A fast feedback loop — as shown in Figure 1 — improves the process of verifying code changes with real service dependencies, increasing developer velocity and reducing the feature launch time because issues are found much earlier in the development lifecycle.
While we initially relied on Kubernetes port-forward to create a fast feedback loop, we quickly hit limitations that made this solution unreliable, hard to maintain, and no longer compatible when DoorDash moved to a multi-cluster architecture.
To address the limitations of the existing fast-feedback-loop solution, we used Signadot and multi-tenancy to build a new solution. In addition to offering new features, the new solution is safe, highly reliable, easy to maintain, and compatible with a multi-cluster architecture. These advantages improved developer velocity, software reliability, and production safety.

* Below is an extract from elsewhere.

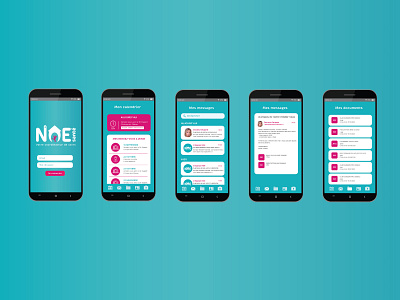 NOE - Patient support app and website app app design design icon ui ux web website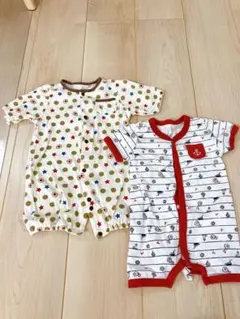 ロンパース2点セット 50-60cm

Standard Kubernetes port-forward is unsafe and unreliable for product development
Kubernetes port-forward is a mechanism that provides access to an application running in a cluster from a developer workstation. Once the port-forward command is run, requests sent to a local port are automatically forwarded to a port inside a Kubernetes pod. Using port-forward, a service running locally can connect to its upstream dependencies. This way developers can execute requests against the service running locally to get fast feedback without the need for building, pushing docker images, or deploying them in the Kubernetes cluster.
Kubernetes port-forward is not safe and reliable for product development for the following reasons:
- Port-forward requires maintaining API keys in developer workstations. At DoorDash, clients need to pass an API key in the protocol headers for authentication against the services. This creates a big hurdle in connecting to upstream dependencies because developers don’t have those API keys in their workstations. It is cumbersome for each developer to provision and maintain API keys.
- Port-forward makes it difficult to restrict API endpoint access. Because port-forward RBAC gives access at the namespace level, it is not possible to build production guardrails such as restricting certain API endpoints.
- Port-forward requires building and maintaining ad-hoc scripts for each service. Because each service has different upstream dependencies, port-forward requires picking local ports for each one. This requires each developer to ensure that the port numbers are unused and do not conflict with each other. These extra steps make the port-forward hard to build and maintain.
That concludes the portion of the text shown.